Some Dogs Find Play More Rewarding Than Treats
Training your dog is all about finding what motivates them to work and using that as their reward. Many dogs find play and toys very rewarding — sometimes it can be more valuable than treats! I have yet to meet a dog that doesn't find food worth working for (although sometimes I have to figure out what type of treat they like the most), but there are times that treats just aren't the thing they want at that moment. The kind of rewards you use in training depend on the dog you're working with. A dog that loves to play will most likely find toy rewards highly motivating.
Toys and play can also be more valuable for dogs that simply aren't hungry. If they've recently eaten a meal, treats might not be quite as enticing as they would be before dinnertime.

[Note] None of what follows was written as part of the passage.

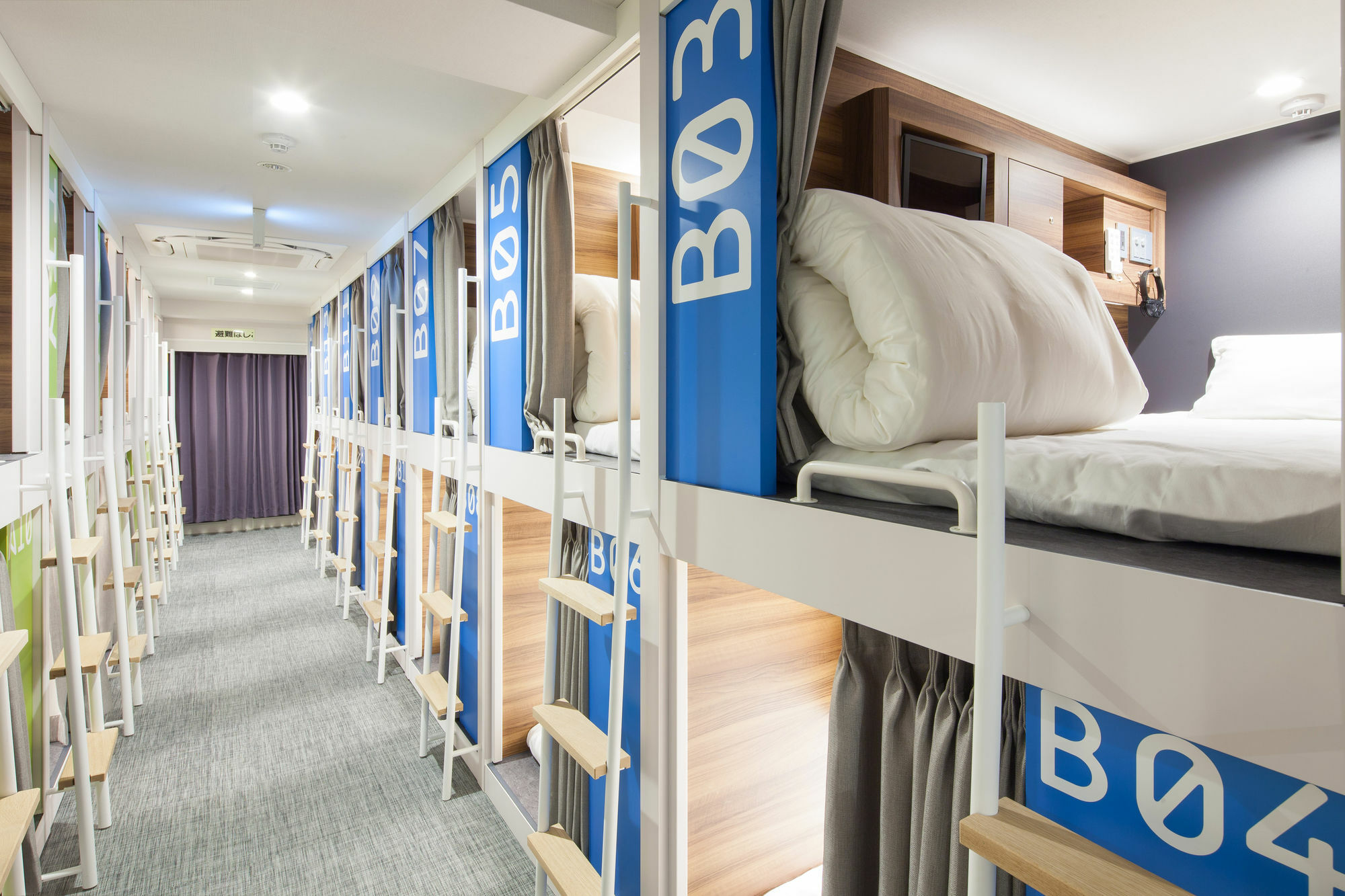 Hotel commun SHIBUYA  à Tōkyō Extérieur photo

And for dogs that like to chase moving things (what we trainers call "high prey drive"), the act of chasing a toy prey item can be more satisfying than actually catching and eating it.
Reduce the Use of Food Treats in Training
When you're working on fading out food rewards in your training, using real-life rewards like toys can help move the process along. If you start incorporating toys and play as rewards from the beginning, it'll be even easier to fade out food treats!
Plus, you always have play available to use as a reward. This comes in handy when you don't have a treat in your pocket and your dog gives you a rockstar behavior. A quick play session that involves running, chase, or wrestling (or whatever kind of play your dog likes) will keep them excited about performing that behavior in the future, and you didn't miss out on a training opportunity.